------ Exercise material
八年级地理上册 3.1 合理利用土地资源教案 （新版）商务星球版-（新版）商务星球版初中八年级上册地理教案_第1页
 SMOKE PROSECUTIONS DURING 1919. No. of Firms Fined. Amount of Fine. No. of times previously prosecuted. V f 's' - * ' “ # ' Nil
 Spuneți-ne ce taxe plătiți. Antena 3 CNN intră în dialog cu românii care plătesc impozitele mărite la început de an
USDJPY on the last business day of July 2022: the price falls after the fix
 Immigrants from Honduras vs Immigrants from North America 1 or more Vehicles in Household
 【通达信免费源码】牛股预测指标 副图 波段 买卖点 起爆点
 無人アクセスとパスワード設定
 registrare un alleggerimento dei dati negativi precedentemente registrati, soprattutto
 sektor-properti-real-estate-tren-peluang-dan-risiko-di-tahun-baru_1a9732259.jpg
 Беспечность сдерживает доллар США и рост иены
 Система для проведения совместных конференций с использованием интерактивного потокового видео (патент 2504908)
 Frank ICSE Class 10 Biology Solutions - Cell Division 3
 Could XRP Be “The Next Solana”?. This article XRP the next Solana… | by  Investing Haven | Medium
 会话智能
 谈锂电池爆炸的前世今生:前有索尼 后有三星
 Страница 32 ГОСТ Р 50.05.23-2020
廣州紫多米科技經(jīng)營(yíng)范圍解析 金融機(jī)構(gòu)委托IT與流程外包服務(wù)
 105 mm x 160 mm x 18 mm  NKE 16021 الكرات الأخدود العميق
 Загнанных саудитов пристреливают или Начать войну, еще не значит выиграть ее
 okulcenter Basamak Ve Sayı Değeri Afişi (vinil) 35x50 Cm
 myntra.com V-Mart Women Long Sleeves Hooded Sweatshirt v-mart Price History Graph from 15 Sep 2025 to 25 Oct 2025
------------
#### About this task
Up to and including the line with "Immigrants from Honduras", output every line of the records above exactly, starting from the first; output nothing else.

#### Solution
八年级地理上册 3.1 合理利用土地资源教案 （新版）商务星球版-（新版）商务星球版初中八年级上册地理教案_第1页
 SMOKE PROSECUTIONS DURING 1919. No. of Firms Fined. Amount of Fine. No. of times previously prosecuted. V f 's' - * ' “ # ' Nil
 Spuneți-ne ce taxe plătiți. Antena 3 CNN intră în dialog cu românii care plătesc impozitele mărite la început de an
USDJPY on the last business day of July 2022: the price falls after the fix
 Immigrants from Honduras vs Immigrants from North America 1 or more Vehicles in Household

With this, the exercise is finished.